> WHAT THE TASK REQUIRES
Nothing except the pictures should be left out when you reproduce the listing exactly.

> DATA
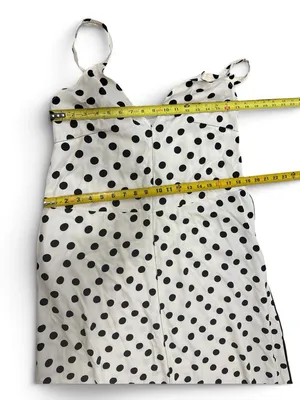 zara cotton polka dot dress limited edition side pocket size medium thumbnail 14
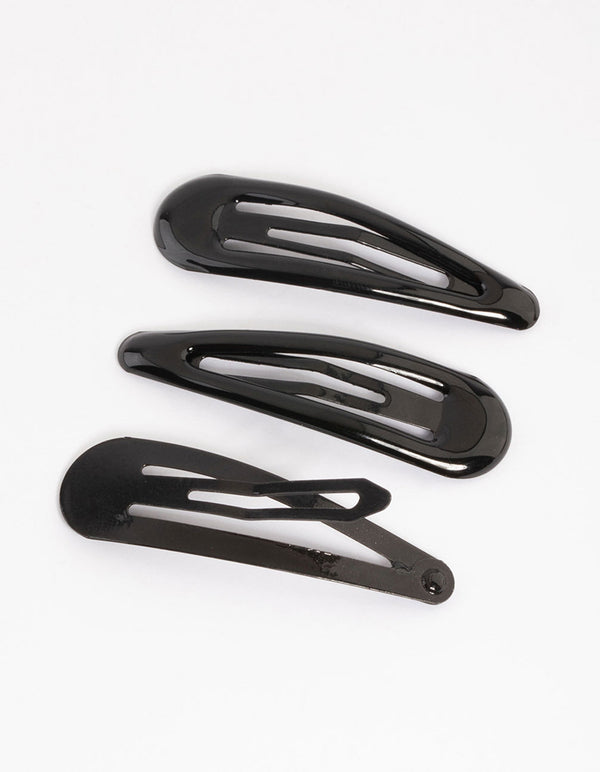 Coated Black Bubble Snap Clip Pack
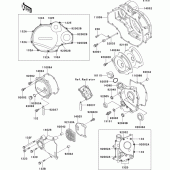Схема вузла: Engine cover(s) до Kawasaki ZX1100 ZZ-R1100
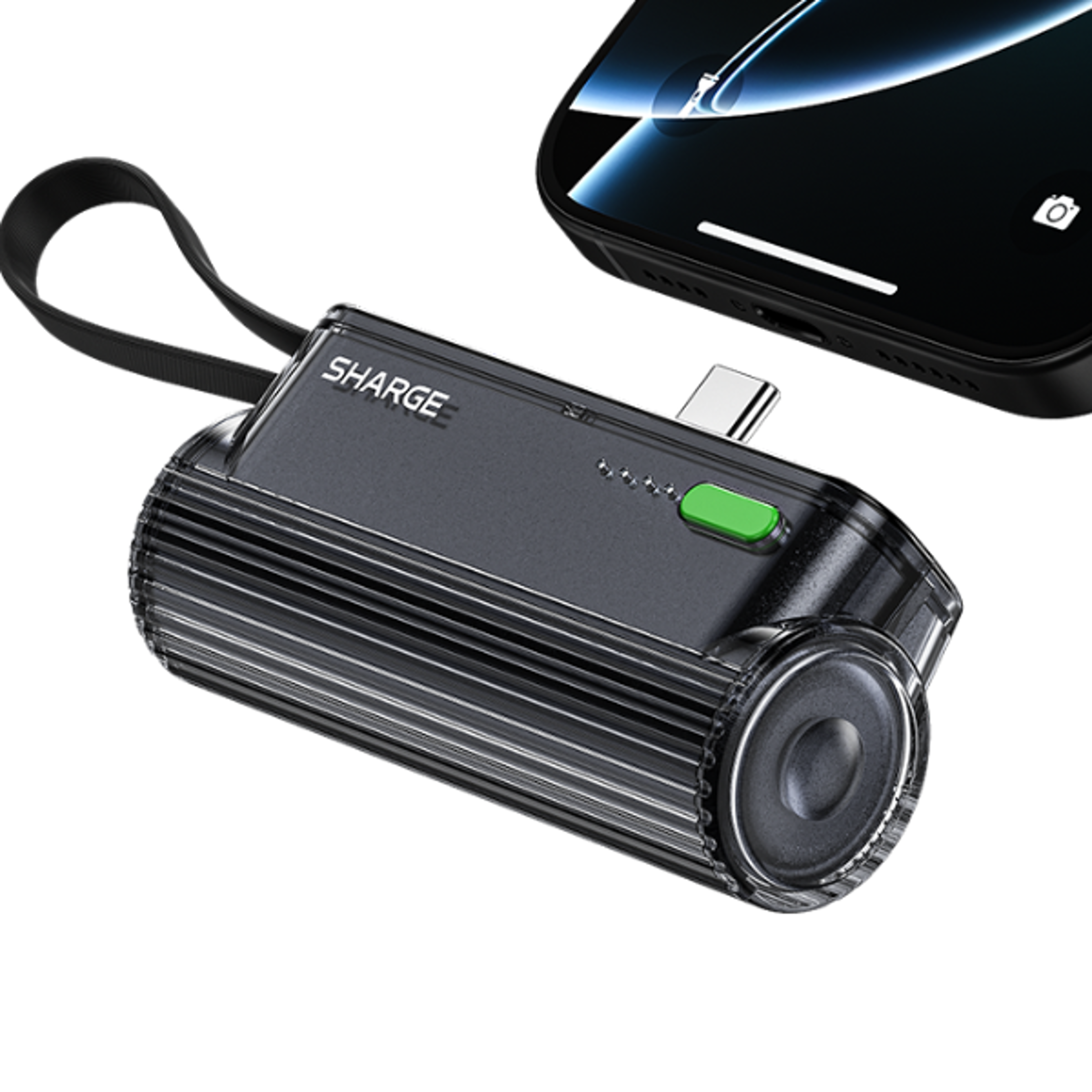fast charging flow mini portable charger, power bank mini, battery pack for android iphone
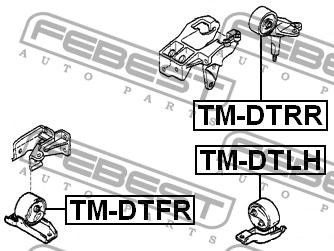 подушка двигателя передняя !\Toyota Duet M100A/M101A/M110A/M111A 98-04 TM-DTFR FEBEST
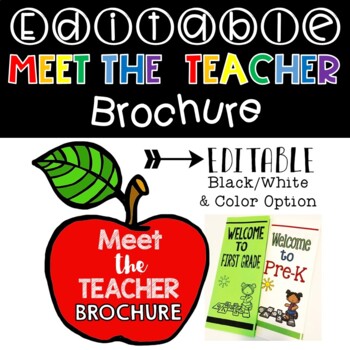 Preview of Meet the Teacher Editable BROCHURE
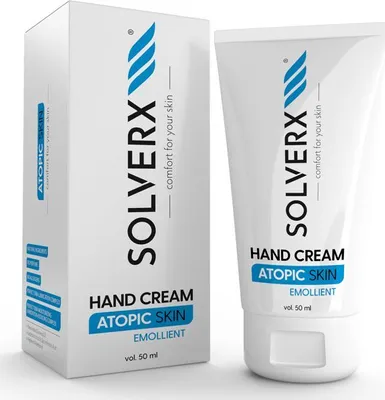 Obrázek produktu pro Regenerační krém Solverx pro atopickou pokožku rukou - 50 ml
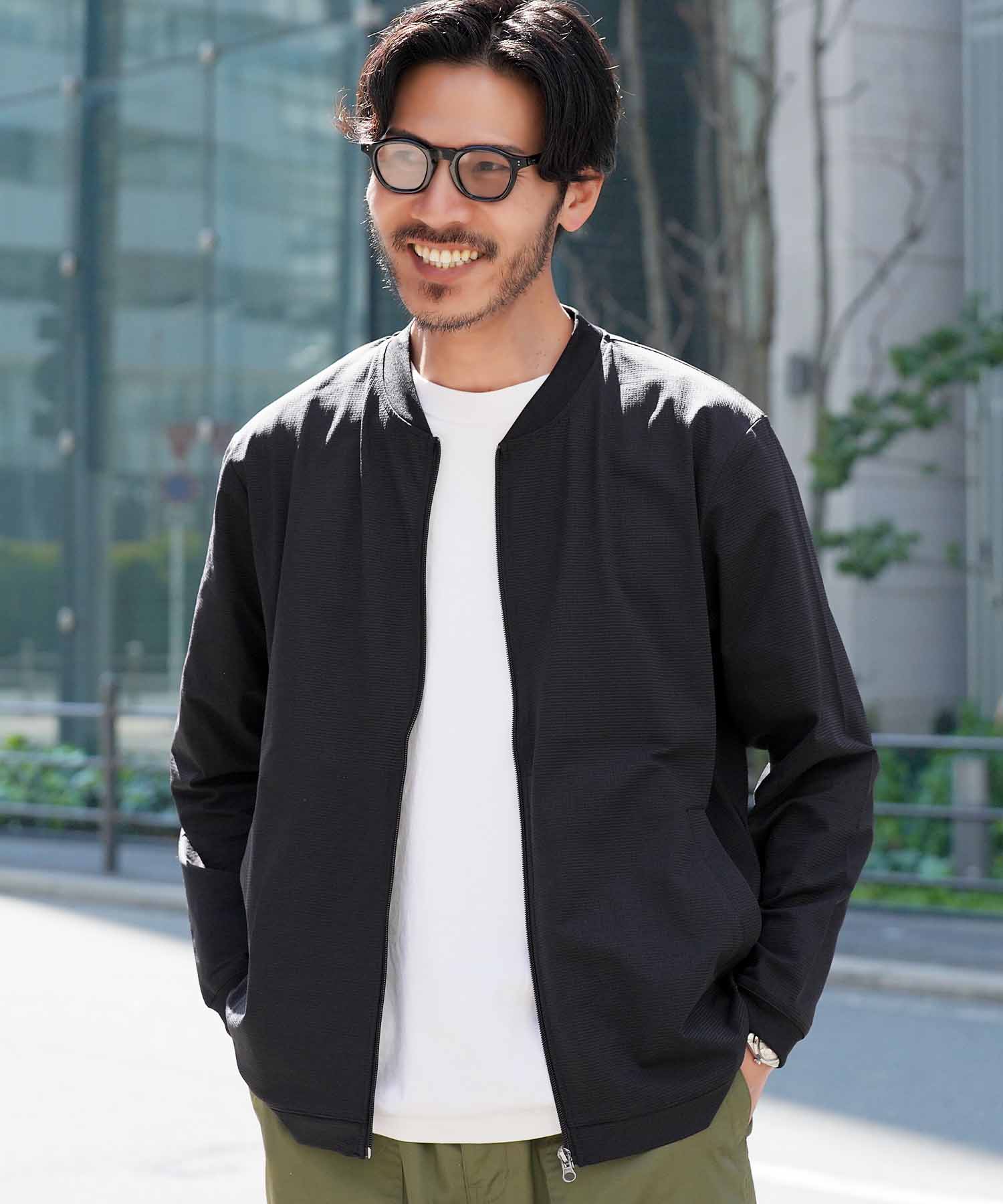 JIGGYS SHOP（ジギーズショップ） サマージャケット メッシュ素材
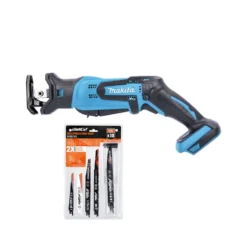Makita DJR185Z 18V Li-ion Cordless Mini Reciprocating Saw With 10 Piece Saw Blades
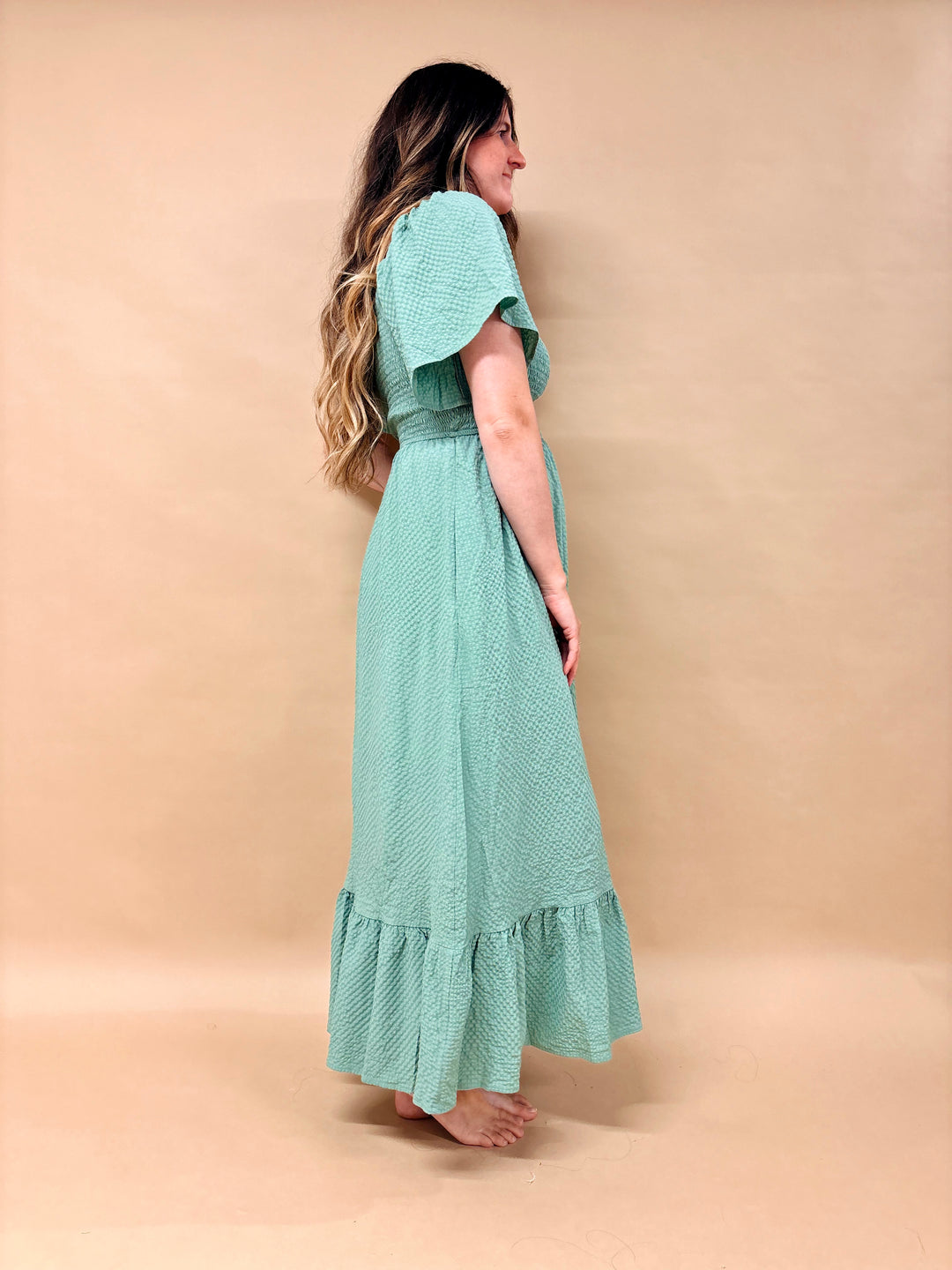 Penni Smocked Maxi Dress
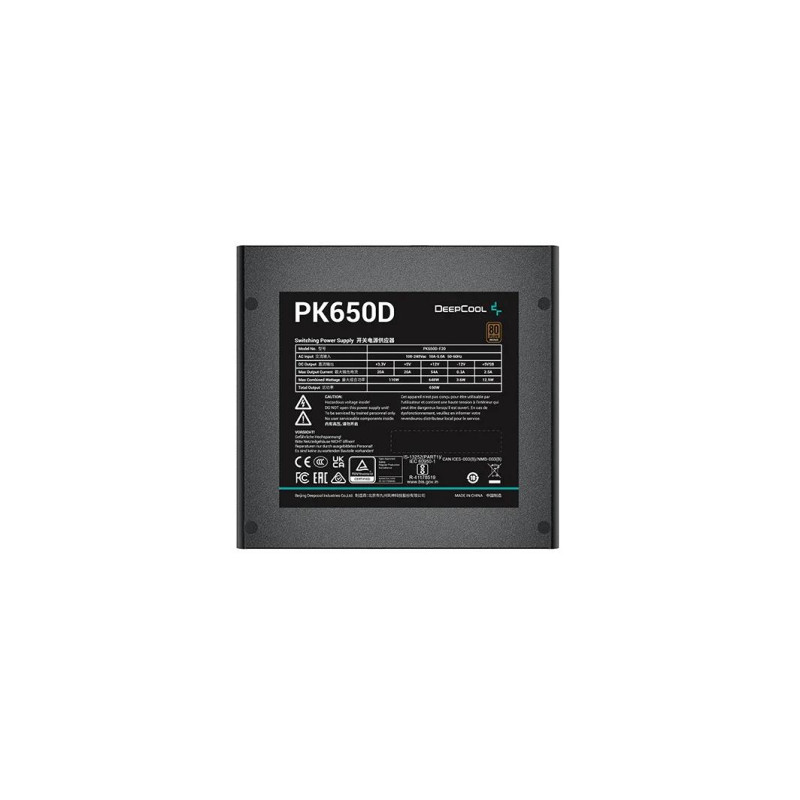 Deepcool PK650D, 80+ Бронза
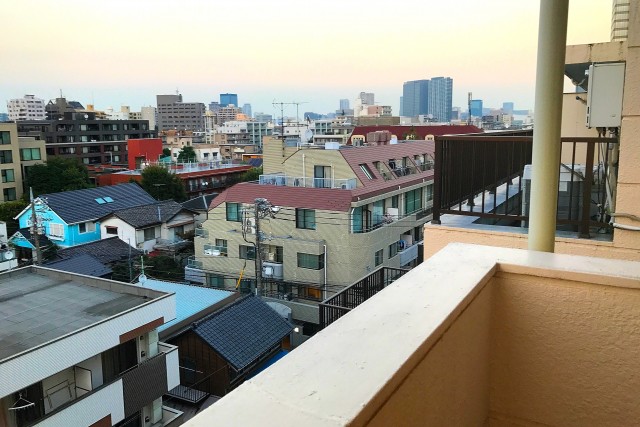 マンション市ヶ谷 (100)バルコニー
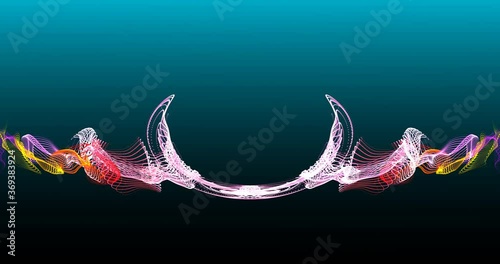 Abstract Movement of Spheres 3D Rendering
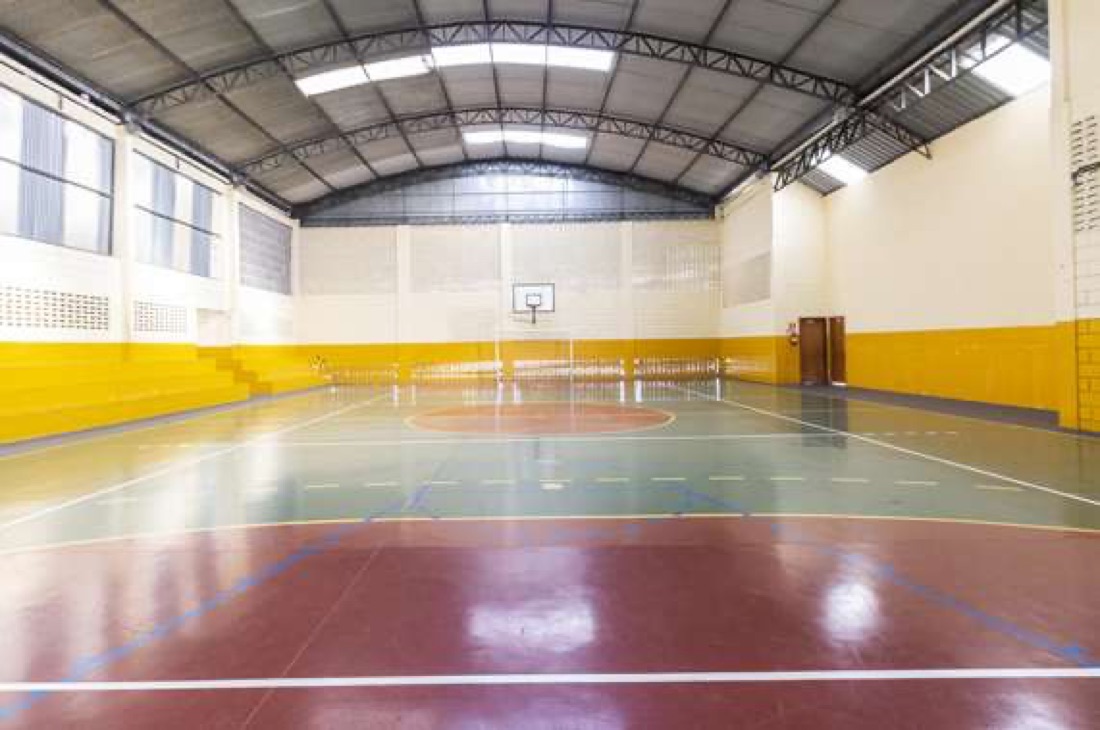 Ginásio poliesportivo da MZ School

> RESULT OF THIS EXERCISE
 zara cotton polka dot dress limited edition side pocket size medium thumbnail 14
 Coated Black Bubble Snap Clip Pack
Схема вузла: Engine cover(s) до Kawasaki ZX1100 ZZ-R1100
fast charging flow mini portable charger, power bank mini, battery pack for android iphone
 подушка двигателя передняя !\Toyota Duet M100A/M101A/M110A/M111A 98-04 TM-DTFR FEBEST
 Preview of Meet the Teacher Editable BROCHURE
 Obrázek produktu pro Regenerační krém Solverx pro atopickou pokožku rukou - 50 ml
 JIGGYS SHOP（ジギーズショップ） サマージャケット メッシュ素材
Makita DJR185Z 18V Li-ion Cordless Mini Reciprocating Saw With 10 Piece Saw Blades
 Penni Smocked Maxi Dress
 Deepcool PK650D, 80+ Бронза
 マンション市ヶ谷 (100)バルコニー
 Abstract Movement of Spheres 3D Rendering
 Ginásio poliesportivo da MZ School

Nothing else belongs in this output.